It appears that the ‘bit’ argument in okUsbFrontPanel_ActivateTriggerIn() specifies a bit number, not a bit mask. This means I can only set one bit at a time. (It might have been better to make that argument an int so that I could set any or all of the trigger bits).
Since it appears there is no UpdateTriggerIn function, does ActivateTriggerIn happen immediately, and hence is it not possible to set multiple bits in a TriggerIn?
You are correct – ActivateTriggerIn happens immediately. Therefore, it is not possible to activate multiple triggers at the same time – within the software.
The same can be accomplished, however, by connecting your hardware appropriately.
I recently discovered this behavior about the TriggerIn myself. It was not obvious to me and tripped me up a while as I troubleshot my application. Is there any reason not to allow multiple bits in the Trigger to be set at the same time? I can think of applications where this would be very useful and off hand I’m not seeing any disadvantages.
Is there anything in the design that precludes this change to the Trigger functionality?
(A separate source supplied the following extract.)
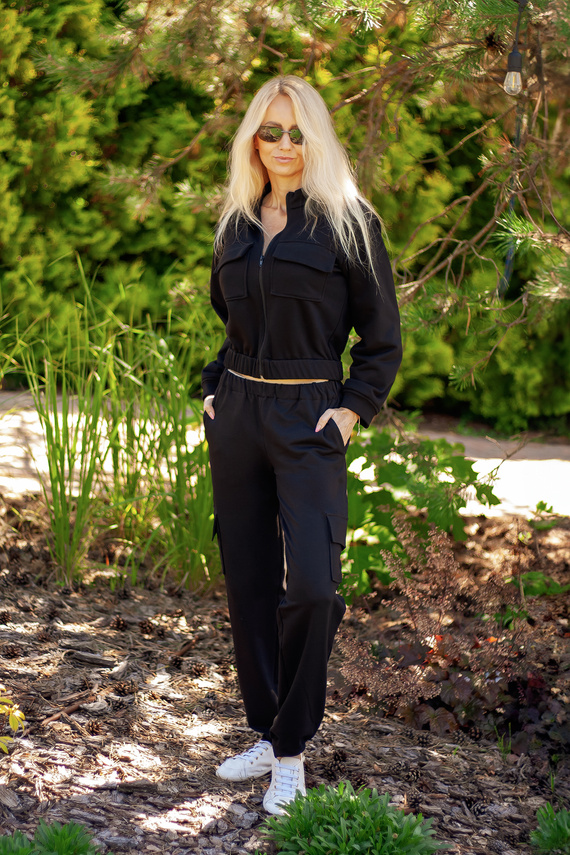 Mili Mirale dámska bavlnená tepláková súprava s vreckami - poľská výroba - čierna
If OK isn’t interested in changing this behavior, but it is possible, would it be possible to get access to the source to make the change ourselves?
Thanks,
Todd
Can you please describe a use case?
Absolutely, two cases:
I may be interested in sometimes triggering multiple events concurrently. For example, I could have data pattern generators tied to each bit of the TriggerIn Register. Sometimes I want to trigger them in an asynchronous fashion and can do this by sending a TriggerIn with only a single bit. In other instances I might want to ensure that my patterns are generated in sync and could trigger the by settings multiple bits high with one TriggerIn command.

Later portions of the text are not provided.